Asanace - the Communists' infamous clearance operation - left indelible stain on dissidents' lives

Almost thirty years have passed since communist Czechoslovakia's secret police first masterminded their infamous Asanace campaign - a clearance operation that used intimidation, mental and physical abuse, even torture - to get Czechoslovak dissidents to flee the country. In 2002, three officials received suspended sentences for their involvement in the campaign, while two received three-year sentences. The verdicts were later overturned on a technicality, only to be reinstated once again by a Prague court this week.

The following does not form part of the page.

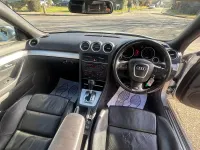 Used Audi A4 Cabriolet S-Line 163 HP (119 kW) 2006 Silver Cabriolet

With the jail sentences one episode may be over, but, as Jan Velinger now reports, the case is hardly at an end.

Jiri Simak and Zbynek Dudek, two former members of communist Czechoslovakia's StB, the secret police, were sentenced on Monday to three years in prison for their roles in the Asanace campaign. Is it enough? The state attorney doesn't think so: immediately upon hearing the verdict the prosecution put forward an appeal, in the hope of seeking a stiffer sentence for the former agents' alleged crimes.

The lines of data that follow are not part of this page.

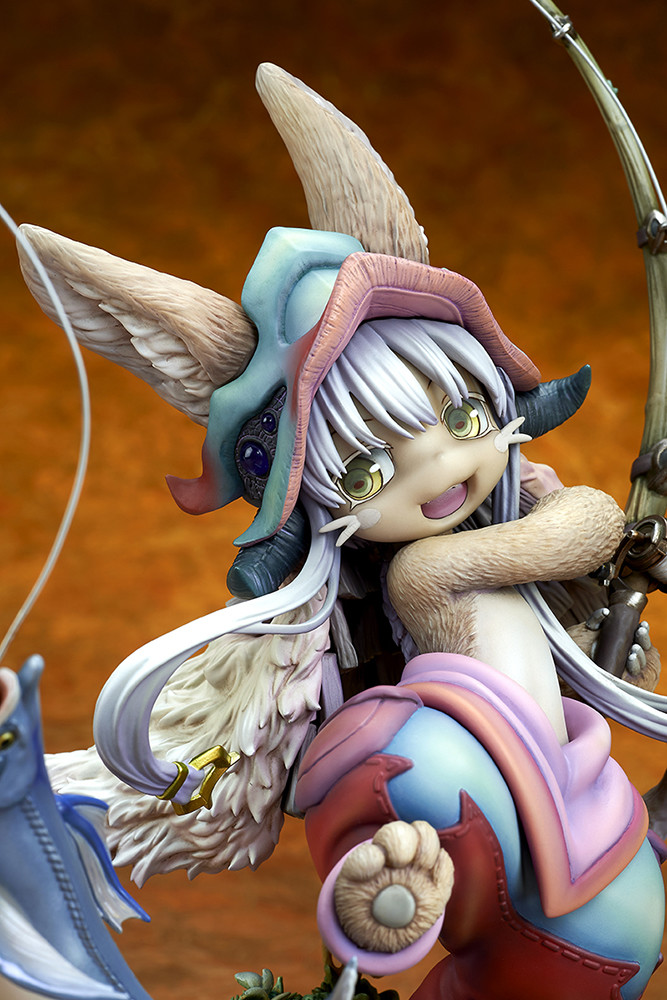 Made in Abyss - Nanachi Gankimasu Tsuri
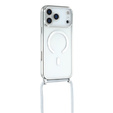 Electro MagSafe case with lanyard for iPhone 17 Pro Max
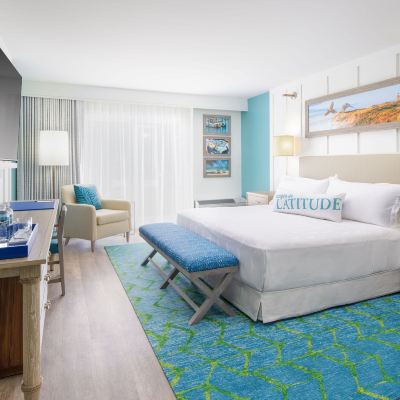 Deluxe Room, 1 King Bed, Accessible (Waterpark View) Cape Codder Resort and Spa Promo Code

In 1981, Mr Simak and Mr Dudek allegedly attacked one dissident during an interrogation at the former secret police headquarters in Prague, choking the man with a wet towel until he lost consciousness. In another incident later that year, both agents were also involved in breaking into an apartment belonging to dissident Zina Freundova, who they threatened and beat up. She consequently fled the country in fear of further persecution and even for her life.

Says Pavel Zacek, a specialist from Prague's Institute for Contemporary History, Freundova's case was not isolated by any means.

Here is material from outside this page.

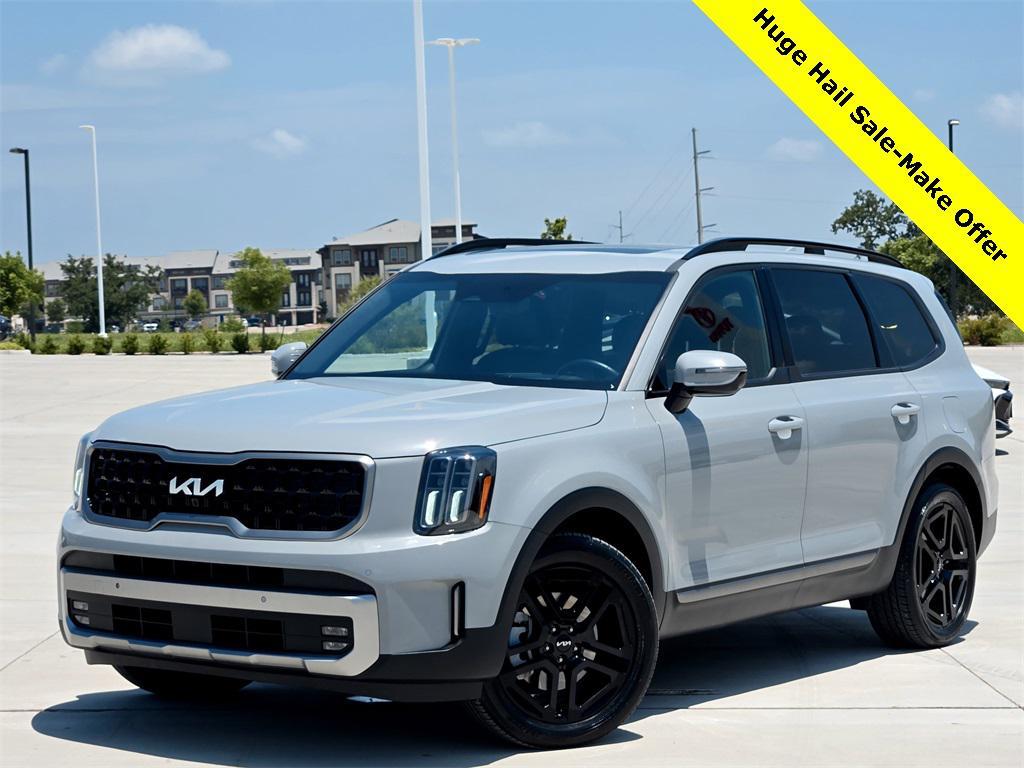 used 2023 Kia Telluride car, priced at $32,903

"Under the direction of the Central Committee of the Communist Party the heads of the secret police made a list of people opposing the regime, especially people who signed Charter 77, almost 80 people who they wanted to force out of the country. All steps of the operation were made by regional units of the Czechoslovak secret police state security."

The Asanace campaign primarily targeted critics of the regime, especially those who signed the Charta 77 human rights charter. Many prominent Czechs did leave Czechoslovakia - terrorised until they cut their losses and left their lives here behind.

Famous cases were those of writer Pavel Kohout, actor Pavel Landovsky, and writer - now rabbi - Karol Siddon. But other prominent dissidents who were forced to leave included the family of Marek Tomin, a Greenpeace coordinator today who was just a child when he witnessed the persecution of his parents.

His mother, Zdena Tominova, was the spokeswoman for Charter 77, his father, Julius, an important philosopher.

According to Marek Tomin those days were a world away, indeed.

"It was certainly a time very different from the one we're living in now. I mean, we are living in very sunny times - those were times that were very dark. Certainly everyone that was involved in the dissident movement, and that included the families of dissidents, were under this 'blanket'. We had state security - StB - surveillance for 24 hours a day directly in front of the door to our flat. We had friends of ours - the Benda family - who were sentenced to four-and-a-half years in the 1970s, and I was constantly expecting my parents to go on trial and to be sentenced to prison. As kids we faced that threat for our parents going to prison, simply for saying what they thought was right, and that human rights were important."

So, while the trial of Jiri Simak and Zbynek Dudek continues, is it enough, given how few were brought to justice overall? And, have Czechs really come to terms with this ignoble chapter in their recent past? Marek Tomin once more:

"I don't think that Czechs have properly come to terms with the whole post-68 era. I think that's one of the things that are very much lacking in Czech society today. I mean, it's too little a little too late. In general, Czech society hasn't really come to terms."